In Madrid, the movement has dedicated the weeks following May 15 to discussing precisely these questions: what content can drive the movement forward? What objectives do we have? What are our proposals?
Some of these are now public, and have been reported in the media: (1) electoral reform directed towards a more representative democracy, with real proportionality; (2) struggle against corruption through norms aimed at total transparency in politics; (3) effective separation of powers; (4) creation of mechanisms of citizen control to guarantee political responsibility.
These first demands point towards the necessary democratic regeneration of our political system [and] can be the initial foundation of the movement. However, the movement would be condemning itself to death if it stuck only to these proposals, which exclusively regard questions of electoral and institutional organisation.
The demand for “real democracy” needs to be broadened and deepened, including other spheres of our society and other aspects of power. Other demands, felt by broad layers of society as addressing the sources of their discontent, need to be discussed and worked out in plenary session. Democracy must also be demanded in the economic sphere.
Structuring, coordinating and extending the movement
To date the May 15 movement in Madrid has occupied the outskirts of Puerta del Sol, in an infinity of daily meetings.
Over time there are clearly big limitations with the sustainability of this sort of organisation: everyone who comes to the daily mass meetings in Puerta del Sol has other duties and responsibilities (work, family, personal). Many people live far away, and can´t travel in daily.

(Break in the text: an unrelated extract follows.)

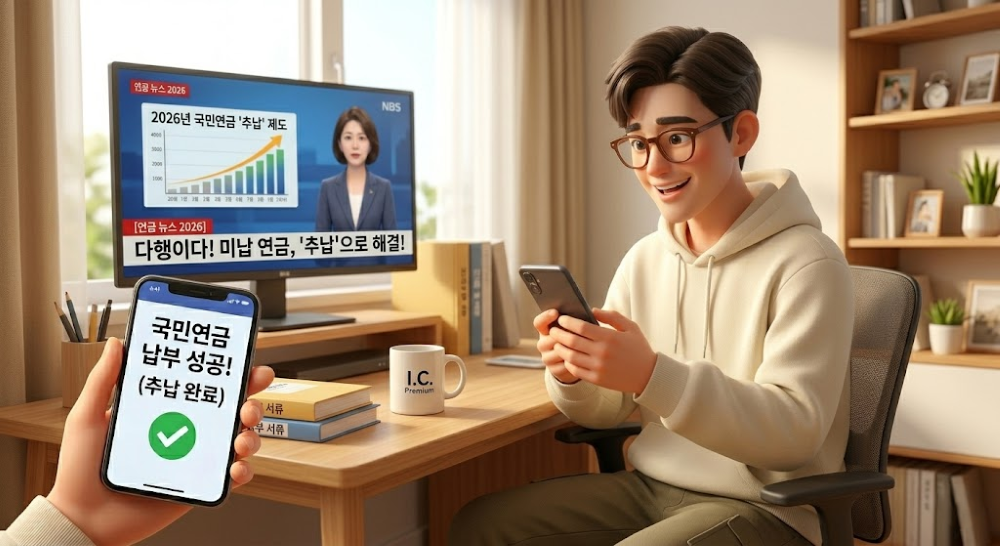 언론에서 국민연금 추납제도를 보도하고 검색하는 모습을 재현한 캐릭터 이미지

A structure organised around neighbourhood and town meetings, coordinated by a meeting coordinating group that periodically called for mass plenaries in Puerta del Sol and also kept the present commissions running (politics, economy, environment, education etc), would allow the movement to advance in building and consolidating itself.
Without doubt, the May 15 movement must also begin to coordinate nationally.
Powers of mass-meetings, powers of veto
Up until now all meetings have been based on consensus decision-making. If anyone, even a single person, is opposed to a specific point, it is not approved.
The right to disagree and express dissent, including by the smallest minorities, , constitutes an important asset of the movement.
Even though this method might seem impossible to manage in such huge meetings, it has been enormously useful to date: the decisions adopted — many of them very significant — have without doubt enjoyed enormous support.
Nonetheless, this method has obvious limitations…the “dictatorship” of vetos (at times by very small minorities) prevents the movement from advancing.
However, some pretty sensible proposals are now coming from some commissions and neighbourhood meetings: like understanding consensus as 80% support or not confusing consensus with unanimity, accepting the dissent and its expression but voiding its power of blocking decisions, insomuch as it represents a minority and doesn’t change the opinion of the remaining members of the mass meeting.
The tasks outlined here, and many others that are sure to come, shouldn’t be interpreted as a millstone around the neck of the movement. On the contrary, they constitute a real challenge.
The struggle to consolidate our successes to date and build a popular movement that begins to tackle the present economic and political system is in our hands.